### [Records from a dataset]
/---

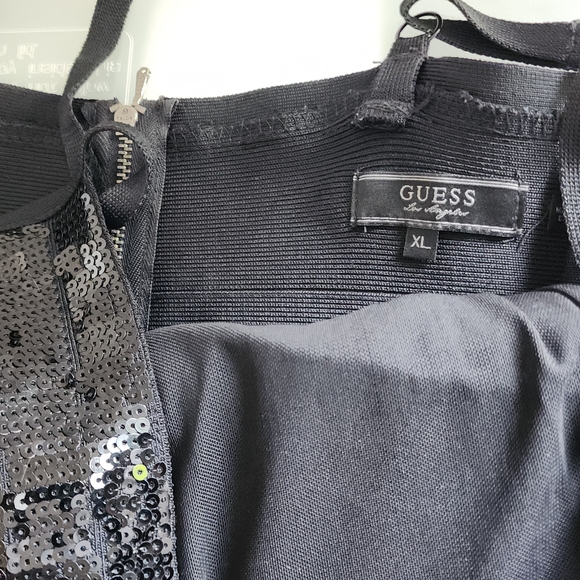 Guess women's stretchy, sophisticated dress. - Picture 3 of 8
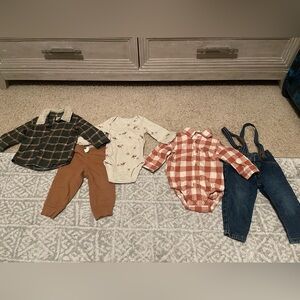 Two Baby Clothing Sets by Carters w/ 5 pieces in size 9 months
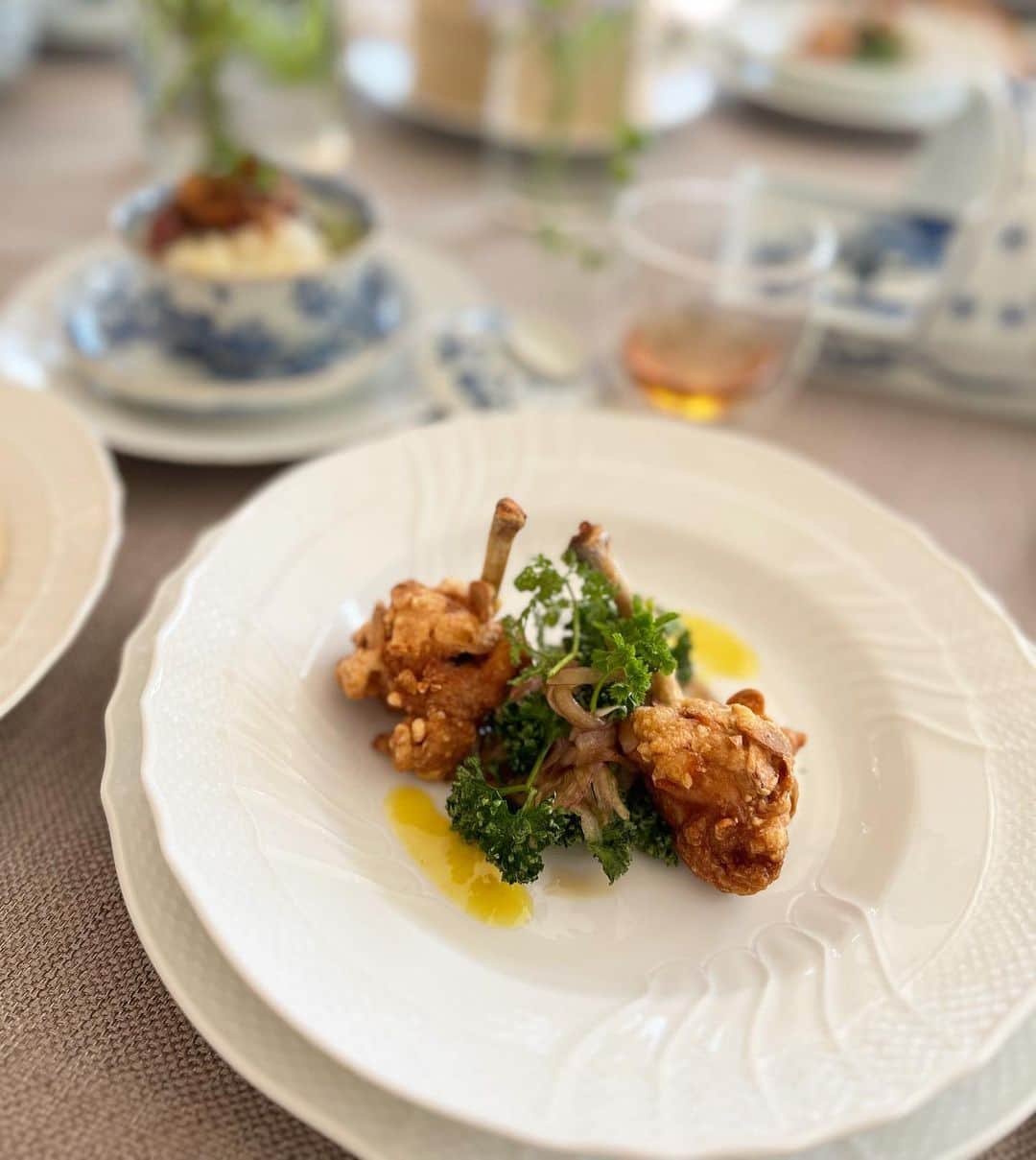 林香里さんのインスタグラム写真 - (林香里Instagram)「・ ・ 毎回楽しみにしてる中華料理lesson🐼🇨🇳  ☑︎ジャガイモとお魚のトウチ蒸し ☑︎海老みそ風味のチューリップ唐揚げ ☑︎カリフラワーご飯 ☑︎焼きパイナップルとココナッツのデザート  食材もテーブルコーディネートも春めいていた🐝🌷 もちろん、どれも美味しくて我が家の食卓にも リピートしたいメニューがいっぱいでした👩🏻‍🍳  #料理教室#中華料理#food」4月7日 15時49分 - kaori_hayashi1203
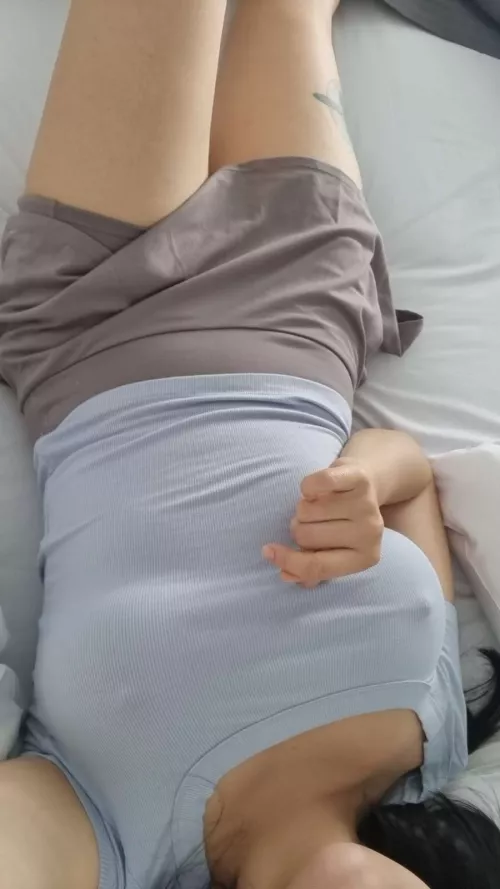 My new outfit from Cotton On looks so cute!! (the skirt has pockets 😍)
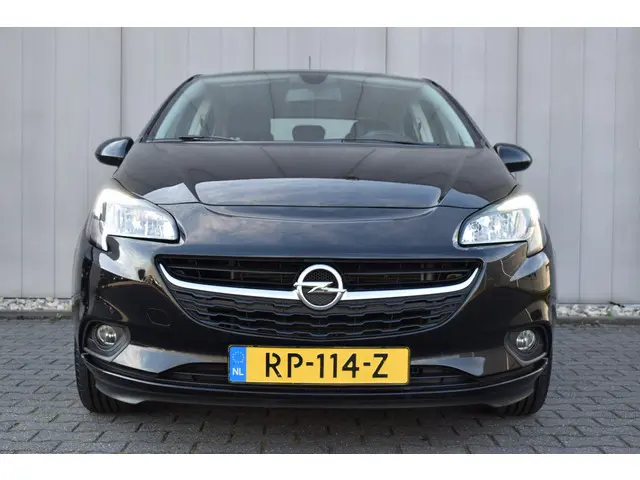 Opel Corsa 1.4 Online Edition 2018 Benzine 17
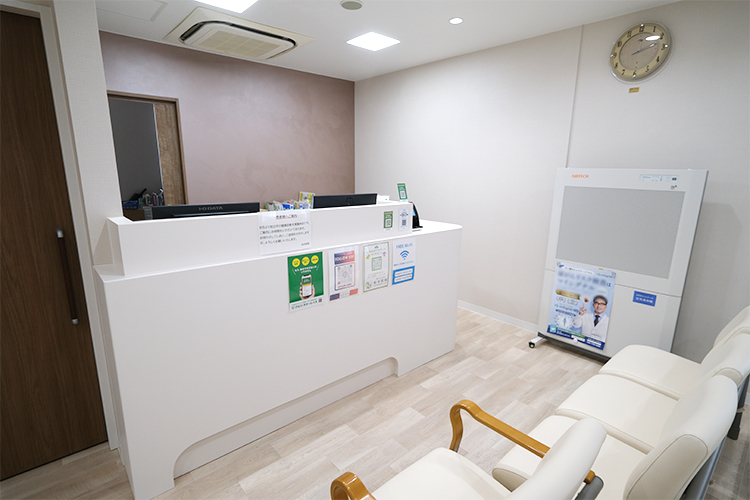 松井医院 知立市 受付ではスタッフが明るく対応してくれる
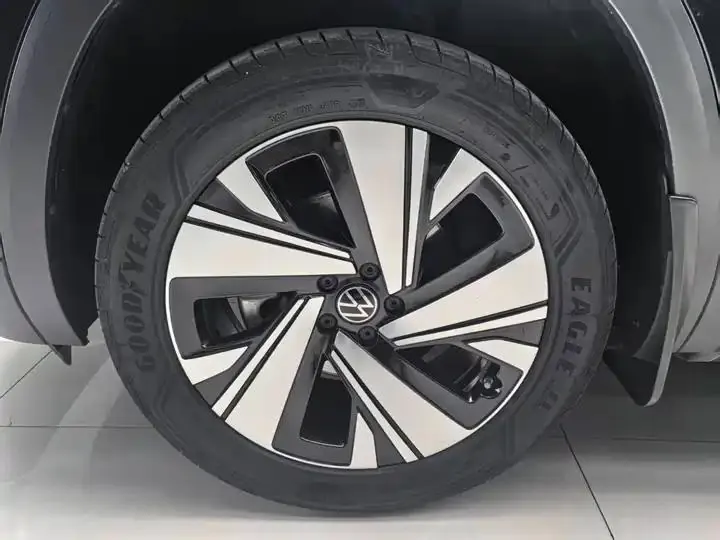 Tuang 2023 model changed to 380TSI four-wheel drive deluxe edition 7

\---

### [WHAT THE EXERCISE ASKS]
Can you restate all the records above word for word while dropping the pictures?

### [WRITTEN ANSWER]
 Guess women's stretchy, sophisticated dress. - Picture 3 of 8
 Two Baby Clothing Sets by Carters w/ 5 pieces in size 9 months
 林香里さんのインスタグラム写真 - (林香里Instagram)「・ ・ 毎回楽しみにしてる中華料理lesson🐼🇨🇳  ☑︎ジャガイモとお魚のトウチ蒸し ☑︎海老みそ風味のチューリップ唐揚げ ☑︎カリフラワーご飯 ☑︎焼きパイナップルとココナッツのデザート  食材もテーブルコーディネートも春めいていた🐝🌷 もちろん、どれも美味しくて我が家の食卓にも リピートしたいメニューがいっぱいでした👩🏻‍🍳  #料理教室#中華料理#food」4月7日 15時49分 - kaori_hayashi1203
 My new outfit from Cotton On looks so cute!! (the skirt has pockets 😍)
 Opel Corsa 1.4 Online Edition 2018 Benzine 17
 松井医院 知立市 受付ではスタッフが明るく対応してくれる
 Tuang 2023 model changed to 380TSI four-wheel drive deluxe edition 7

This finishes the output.